The Massachusetts Wage Act (the “Wage Act”) makes it unlawful for an employer to retaliate against an employee for asserting his or her rights to wages, and provides a prevailing plaintiff with three times his or her lost “wages.” In Parker v. Enernoc, Inc., the Massachusetts Supreme Judicial Court will soon decide whether lost commissions resulting from Wage Act retaliation are lost “wages” which should be trebled.

In Parker, the plaintiff closed a very large deal, raised concerns about her compensation, and – the jury found – was terminated for doing so. Under the commission plan, sales employees received a commission payment one year into a deal – when it became clear that the customer had not canceled. The jury awarded Ms. Parker the commission payment she would have earned one year into the deal as damages.

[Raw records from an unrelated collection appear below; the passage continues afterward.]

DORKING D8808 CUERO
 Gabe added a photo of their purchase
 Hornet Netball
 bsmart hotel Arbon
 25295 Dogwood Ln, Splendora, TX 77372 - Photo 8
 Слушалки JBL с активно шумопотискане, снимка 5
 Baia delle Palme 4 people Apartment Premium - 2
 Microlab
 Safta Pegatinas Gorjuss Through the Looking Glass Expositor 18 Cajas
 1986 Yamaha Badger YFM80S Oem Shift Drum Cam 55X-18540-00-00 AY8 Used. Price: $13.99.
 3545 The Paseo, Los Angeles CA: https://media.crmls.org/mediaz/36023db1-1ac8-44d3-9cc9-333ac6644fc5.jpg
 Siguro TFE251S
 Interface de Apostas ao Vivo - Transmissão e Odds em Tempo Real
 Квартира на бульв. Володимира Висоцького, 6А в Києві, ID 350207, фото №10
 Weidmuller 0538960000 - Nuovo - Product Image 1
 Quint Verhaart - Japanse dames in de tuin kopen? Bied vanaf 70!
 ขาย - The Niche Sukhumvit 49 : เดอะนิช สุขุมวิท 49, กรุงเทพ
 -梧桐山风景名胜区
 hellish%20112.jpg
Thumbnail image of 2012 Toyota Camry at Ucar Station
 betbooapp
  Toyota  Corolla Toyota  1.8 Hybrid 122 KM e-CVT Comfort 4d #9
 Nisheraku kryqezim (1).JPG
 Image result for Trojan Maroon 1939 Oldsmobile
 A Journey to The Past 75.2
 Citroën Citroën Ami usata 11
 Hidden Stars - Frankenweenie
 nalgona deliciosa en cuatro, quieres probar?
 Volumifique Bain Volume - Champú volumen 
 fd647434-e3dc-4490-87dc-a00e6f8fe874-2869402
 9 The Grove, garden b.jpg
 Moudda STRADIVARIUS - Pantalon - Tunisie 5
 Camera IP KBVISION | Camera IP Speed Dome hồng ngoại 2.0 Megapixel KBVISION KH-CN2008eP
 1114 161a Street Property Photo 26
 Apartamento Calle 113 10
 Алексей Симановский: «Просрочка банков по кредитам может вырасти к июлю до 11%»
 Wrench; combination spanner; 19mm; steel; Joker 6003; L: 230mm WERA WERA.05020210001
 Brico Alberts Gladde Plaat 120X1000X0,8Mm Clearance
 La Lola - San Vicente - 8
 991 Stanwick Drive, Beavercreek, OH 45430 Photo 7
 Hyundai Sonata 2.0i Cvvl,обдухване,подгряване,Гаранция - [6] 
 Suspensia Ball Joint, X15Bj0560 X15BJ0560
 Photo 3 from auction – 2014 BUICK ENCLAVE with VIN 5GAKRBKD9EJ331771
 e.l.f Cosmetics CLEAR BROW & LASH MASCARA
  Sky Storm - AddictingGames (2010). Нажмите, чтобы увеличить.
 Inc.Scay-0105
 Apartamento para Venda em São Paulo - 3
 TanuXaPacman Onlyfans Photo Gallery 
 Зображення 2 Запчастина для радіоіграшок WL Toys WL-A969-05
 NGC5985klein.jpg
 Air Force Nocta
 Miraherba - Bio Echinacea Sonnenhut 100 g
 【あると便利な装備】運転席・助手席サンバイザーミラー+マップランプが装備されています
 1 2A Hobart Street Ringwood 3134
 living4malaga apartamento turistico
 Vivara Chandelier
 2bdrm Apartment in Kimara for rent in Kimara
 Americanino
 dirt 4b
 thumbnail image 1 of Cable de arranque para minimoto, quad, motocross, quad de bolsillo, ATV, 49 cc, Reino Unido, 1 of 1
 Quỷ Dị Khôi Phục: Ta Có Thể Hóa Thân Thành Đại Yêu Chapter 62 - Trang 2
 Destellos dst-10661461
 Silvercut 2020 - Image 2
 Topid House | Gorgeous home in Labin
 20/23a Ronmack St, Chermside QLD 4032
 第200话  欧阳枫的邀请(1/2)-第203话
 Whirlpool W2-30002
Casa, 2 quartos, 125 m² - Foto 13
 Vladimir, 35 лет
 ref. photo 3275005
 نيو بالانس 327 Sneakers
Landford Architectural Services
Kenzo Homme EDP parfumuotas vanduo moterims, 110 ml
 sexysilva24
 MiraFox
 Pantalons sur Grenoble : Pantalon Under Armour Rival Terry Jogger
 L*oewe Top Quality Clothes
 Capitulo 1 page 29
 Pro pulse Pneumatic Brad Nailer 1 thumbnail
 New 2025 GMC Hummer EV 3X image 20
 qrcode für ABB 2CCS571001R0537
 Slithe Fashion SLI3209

The trial judge, however, declined to treble the amount. Under the Wage Act, commissions are “wages” – and thus trebled, when unpaid – if they are “definitively determined” and “due and payable.” The trial judge reasoned that the lost commissions were not “due and payable” at the time of termination, and thus were not “wages” to be trebled.

The Supreme Judicial Court will be considering this case, likely sometime this year.